*** EXERCISE DATA ***

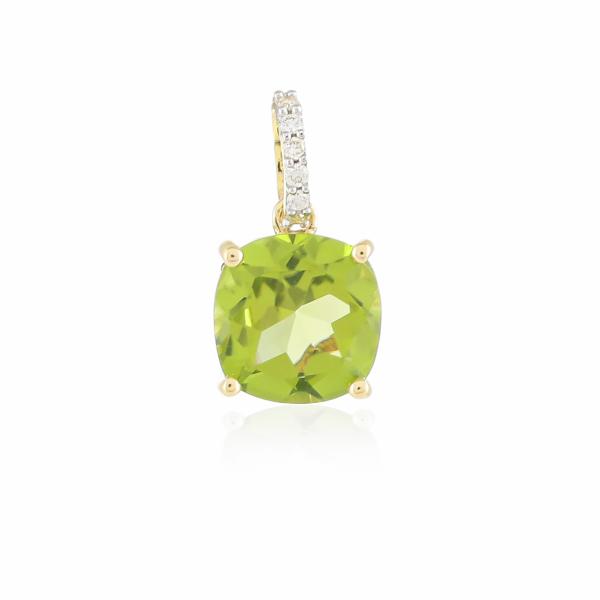 Pendentif en or 9 carats, Peridot et Diamants BeauReal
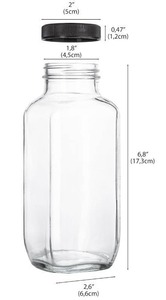 lot 20755 image: umud Juice Bottles with Lids, 16 Oz - Set of 2 - Clear Glass Jars with Caps - Reusable Empty Drink Containers for Juicing, Smoothies, Water, Milk, Kombucha Storage, Wellness Shots and More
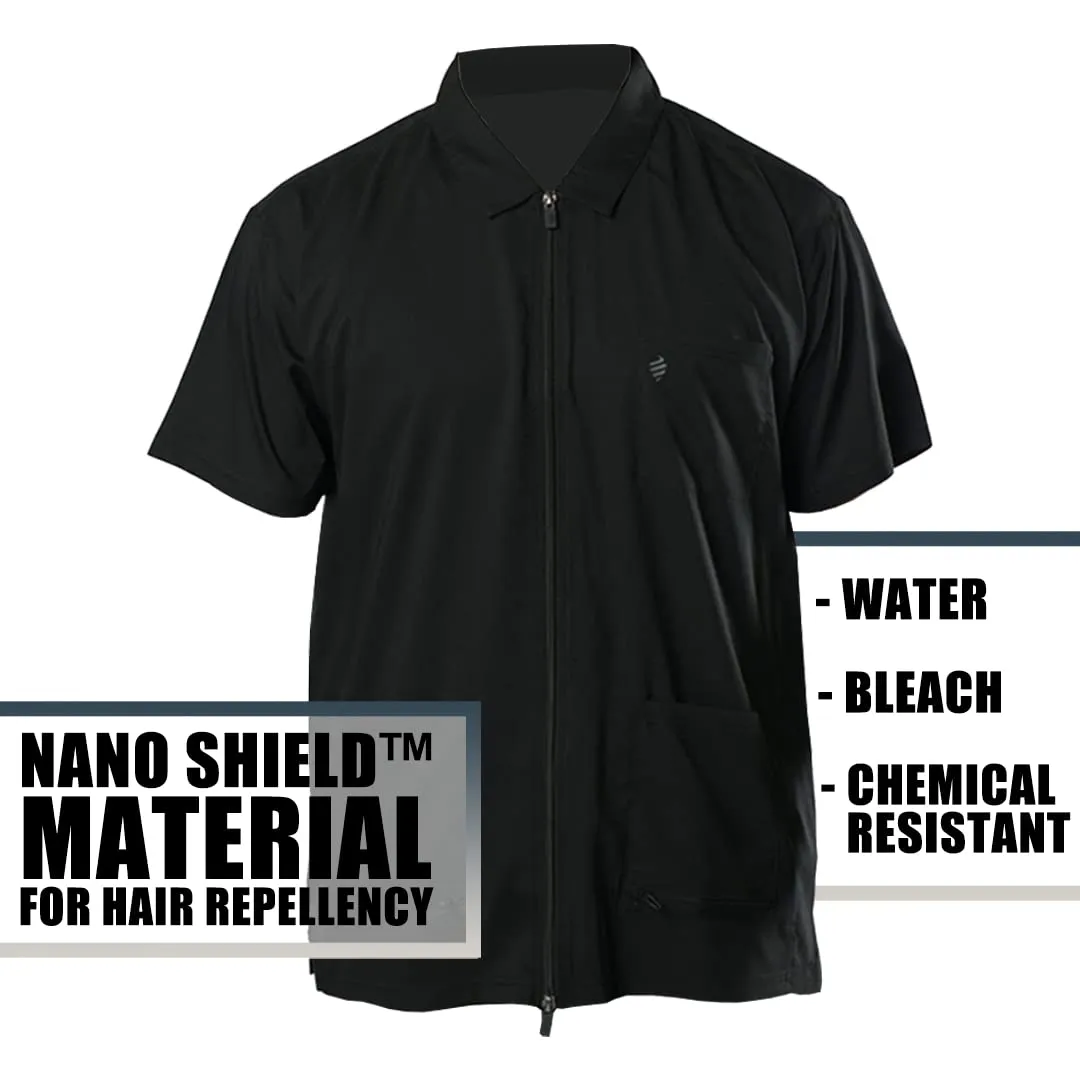 Barber Strong Barber Jacket, Men's Black, Hair Repellent, Lightweight and Breathable Vented Side Panels, Features Easy Hair Removal and 2-Way Zipper Closure, L, Great for Pet Grooming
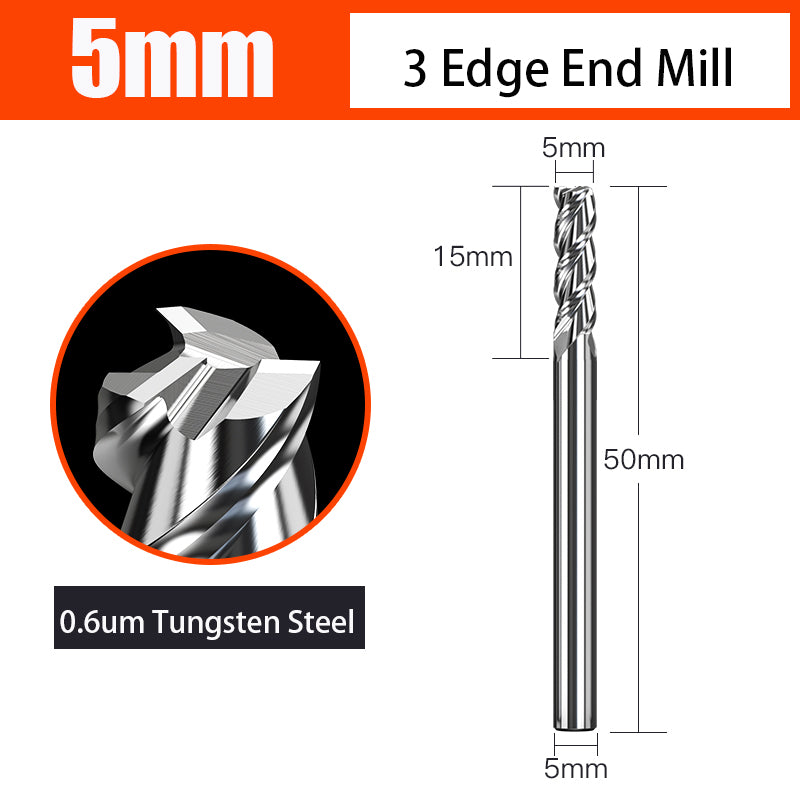 Cutting Aluminum Alloy End Mill 3 Flute Tungsten Carbide Hard Alloy Milling Cutter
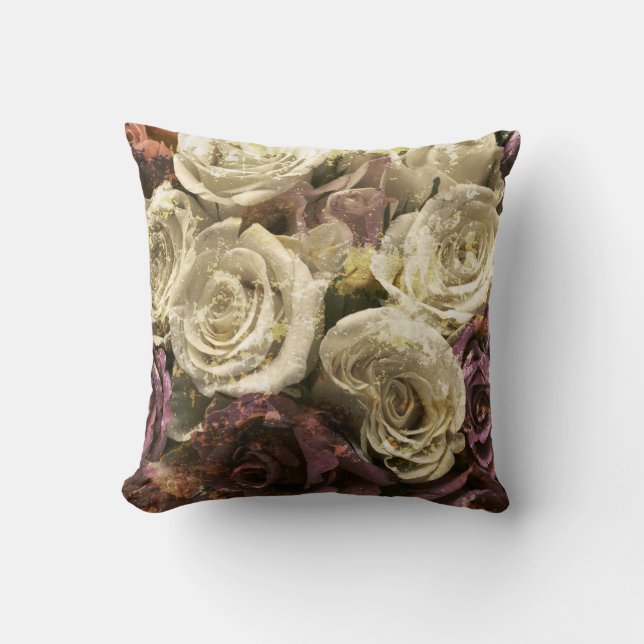 Grunge, roses, photo throw pillow (Front)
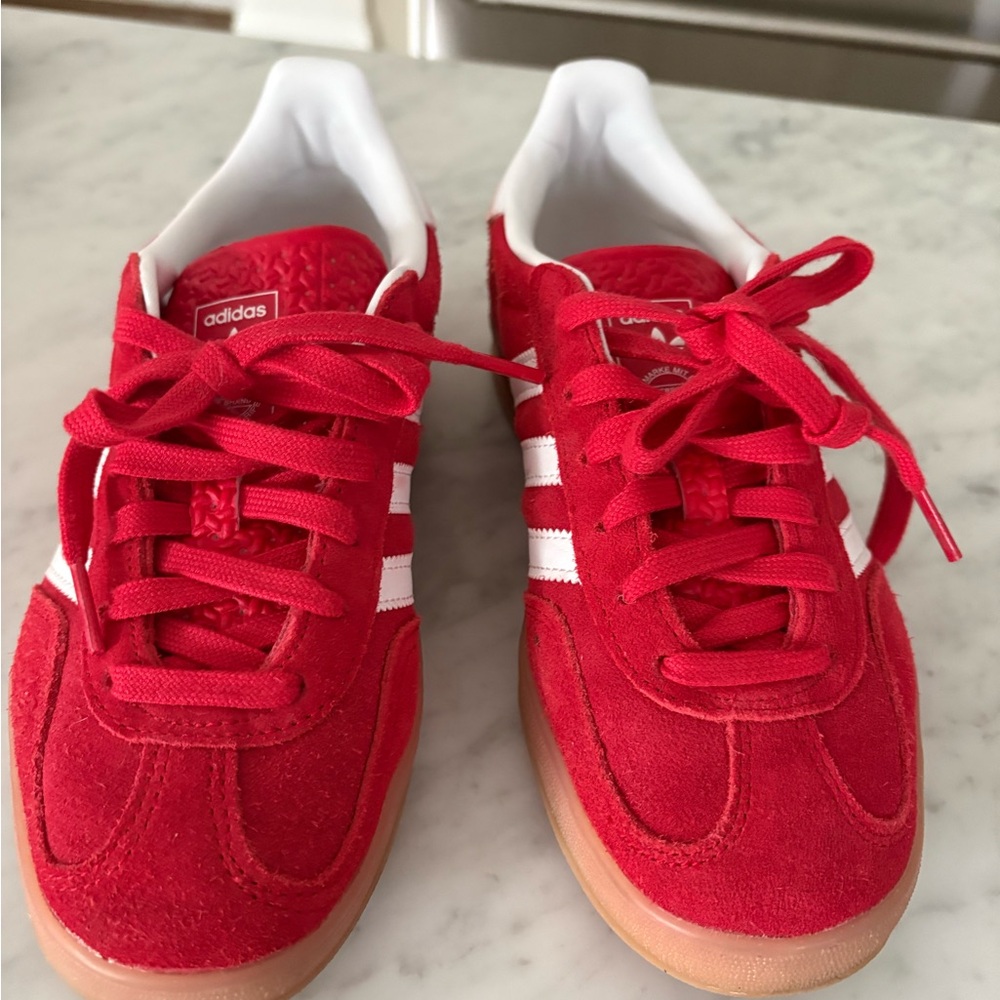 adidas Kids Red Suede Sneakers with White Stripes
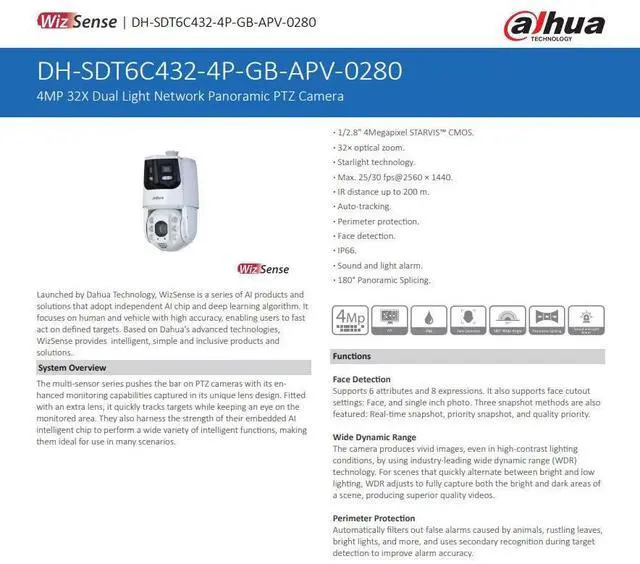 Alt view image 4 of 7 - DH SDT6C432-4P-GB-APV-0280 4MP 32×Zoom Panoramic PTZ Camera Auto-tracking IP66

*** End of EXERCISE DATA ***

• DIRECTIONS FOR THIS TASK
Starting at the line with "adidas Kids Red", output each line through the final one of the listing above, and nothing else. Pictures are to be left out.

• RESPONSE TO THIS EXERCISE
 adidas Kids Red Suede Sneakers with White Stripes
 Alt view image 4 of 7 - DH SDT6C432-4P-GB-APV-0280 4MP 32×Zoom Panoramic PTZ Camera Auto-tracking IP66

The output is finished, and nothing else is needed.